| WORK TASK |
Please return the listing below exactly, without any of its pictures.

| DATA EXTRACT |
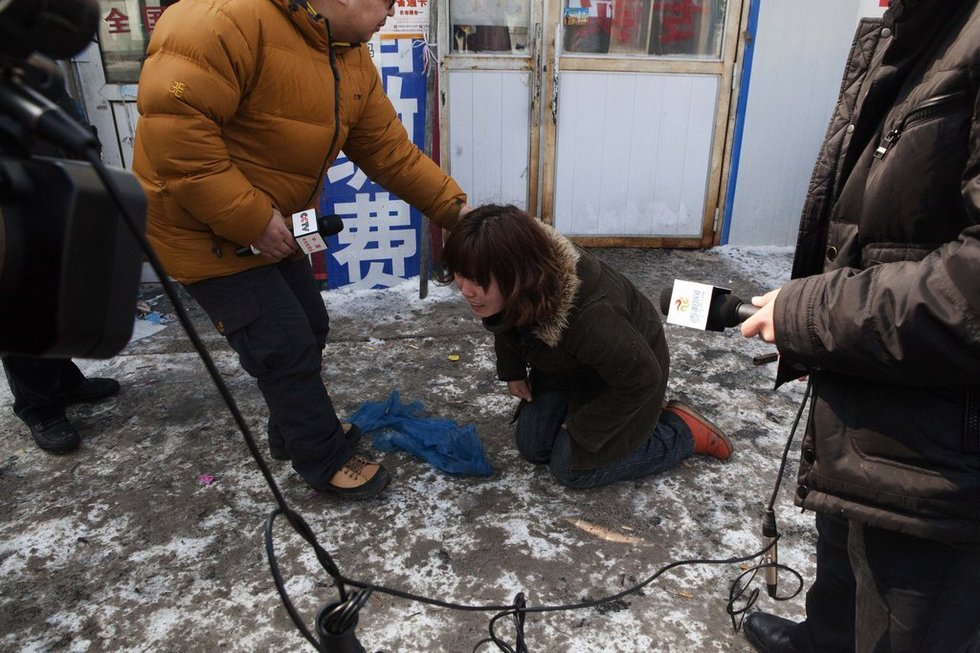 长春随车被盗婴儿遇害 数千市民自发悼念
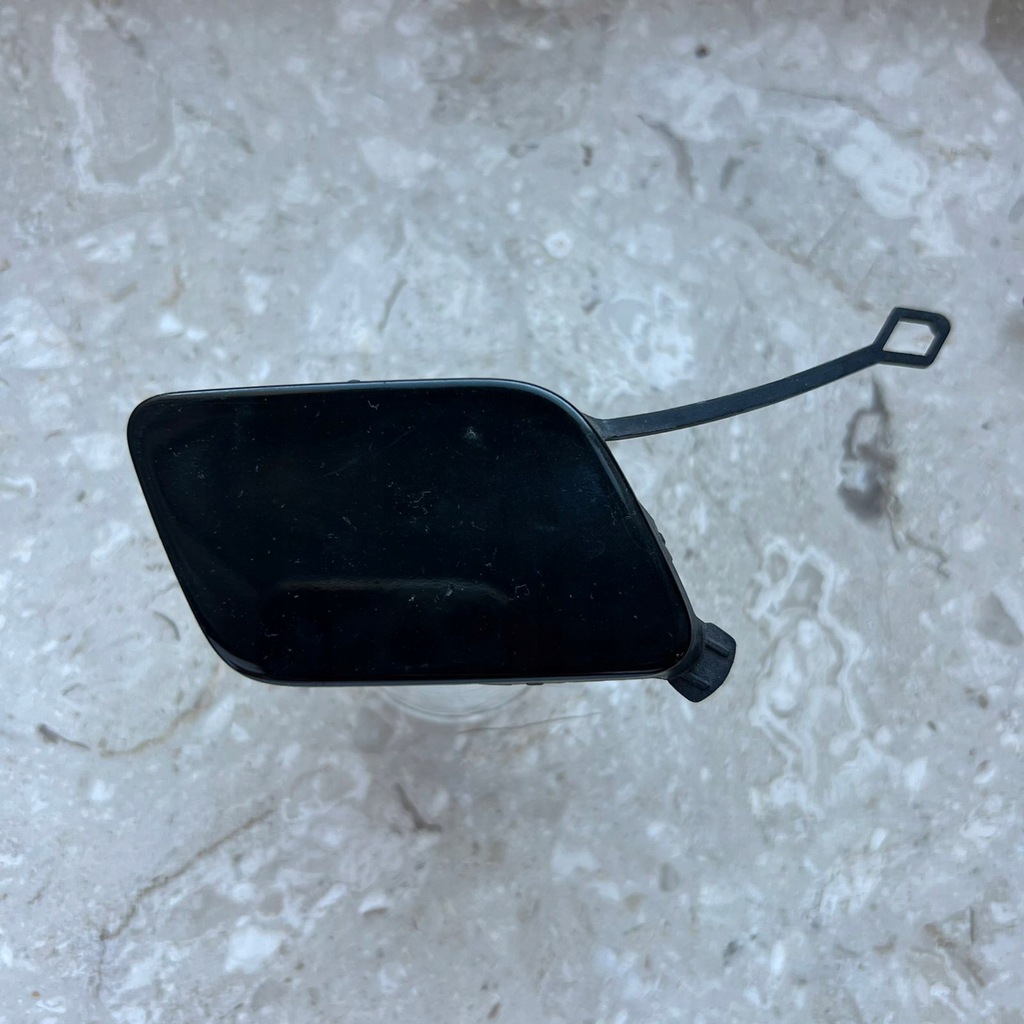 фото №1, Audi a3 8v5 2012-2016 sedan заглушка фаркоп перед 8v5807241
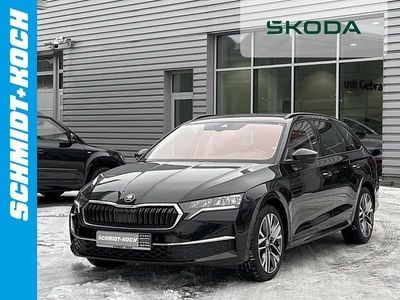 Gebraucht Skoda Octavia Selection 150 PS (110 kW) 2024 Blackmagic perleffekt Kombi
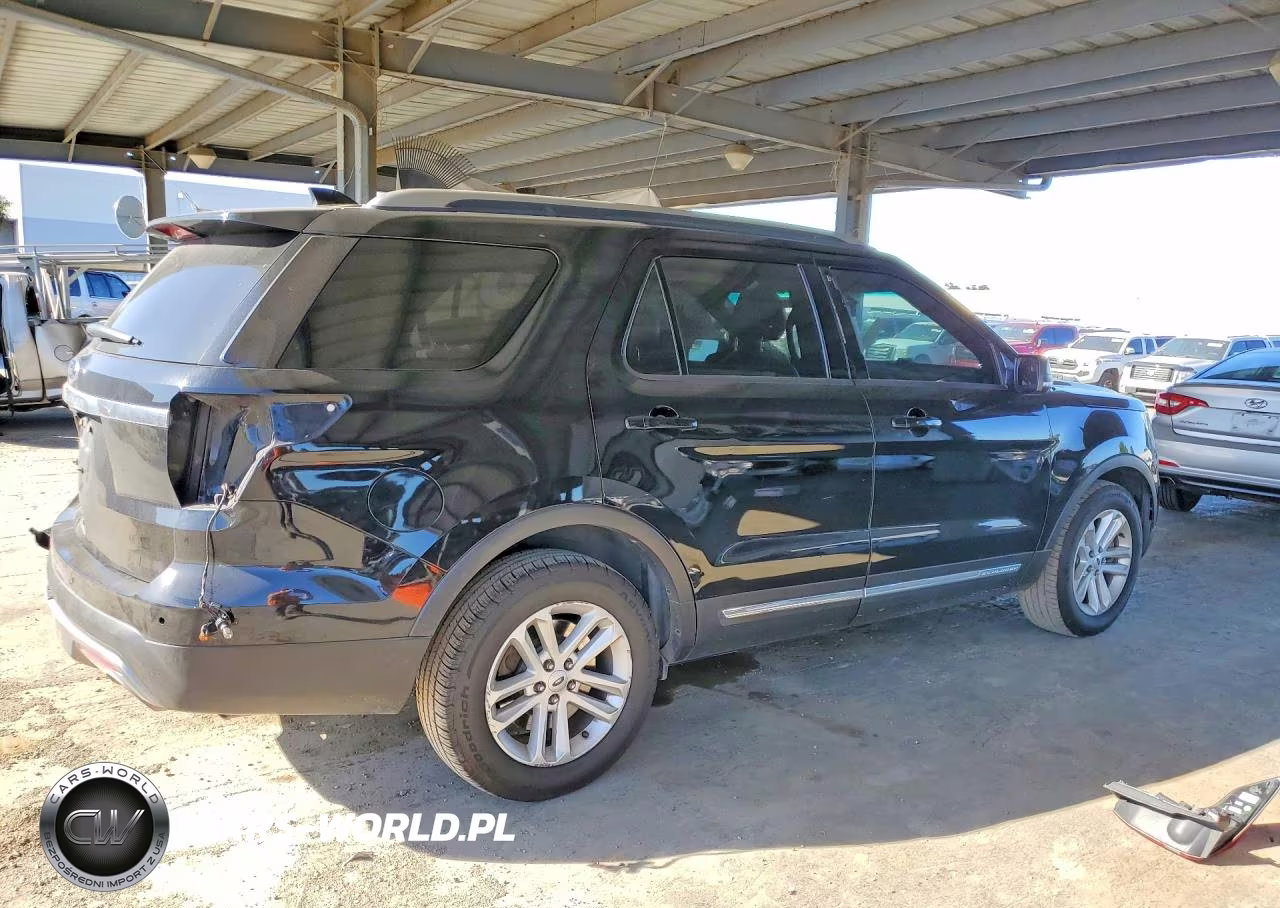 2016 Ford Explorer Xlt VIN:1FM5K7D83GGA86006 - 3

| EXERCISE ANSWER |
 长春随车被盗婴儿遇害 数千市民自发悼念
 фото №1, Audi a3 8v5 2012-2016 sedan заглушка фаркоп перед 8v5807241
 Gebraucht Skoda Octavia Selection 150 PS (110 kW) 2024 Blackmagic perleffekt Kombi
 2016 Ford Explorer Xlt VIN:1FM5K7D83GGA86006 - 3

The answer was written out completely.